Information on consent: We use cookies in accordance with legal regulations. Therefore, we obtain prior consent from users unless it is not legally required. In particular, consent is not necessary when storing and retrieving information, including cookies, is absolutely necessary to provide users with a telemedia service they explicitly requested (i.e., our online offering). Cookies that are absolutely necessary typically include cookies with functions that serve the display and functionality of the online offering, load balancing, security, storage of user preferences and choices, or similar purposes related to the provision of the main and ancillary functions of the online offering requested by users.

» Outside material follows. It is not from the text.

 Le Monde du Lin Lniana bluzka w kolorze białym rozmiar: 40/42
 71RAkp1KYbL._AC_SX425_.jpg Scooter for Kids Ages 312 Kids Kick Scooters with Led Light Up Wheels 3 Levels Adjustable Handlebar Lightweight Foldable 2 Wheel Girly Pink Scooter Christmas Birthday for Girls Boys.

Revocable consent is clearly communicated to users and includes information about the respective cookie usage.
Notes on data protection legal bases: The legal basis on which we process personal data of users using cookies depends on whether we request user consent. If users consent, the legal basis for processing their data is the declared consent. Otherwise, data processed using cookies is based on our legitimate interests (e.g., in the economically efficient operation of our online offering and improving its usability) or, if cookies are required to fulfill our contractual obligations, the processing is necessary to fulfill our contractual obligations. We provide information about the purposes for which we process cookies during this privacy policy or in the context of our consent and processing procedures.
Storage duration: Regarding the storage duration, the following types of cookies are distinguished:
Temporary cookies (also known as session cookies): Temporary cookies are deleted at the latest when a user leaves an online offering and closes their device (e.g., browser or mobile application).
Persistent cookies: Persistent cookies remain stored even after the user has closed their device. For example, the login status can be saved or preferred content can be displayed immediately when the user revisits a website. The data collected using cookies can also be used for audience measurement. Unless we provide specific information about the type and duration of cookies used, please assume that the storage duration may be up to two years.
You can change your cookie settings in your browser to determine how cookies are handled on your device. You can set your browser to notify you when cookies are set, to allow cookies only in specific cases, to exclude the acceptance of cookies for certain cases or in general, and to activate the automatic deletion of cookies when the browser is closed. If cookies are deactivated, the functionality of our online offering may be restricted.
Please note that the individual functions of our online offering may not work correctly if you have deactivated the use of cookies.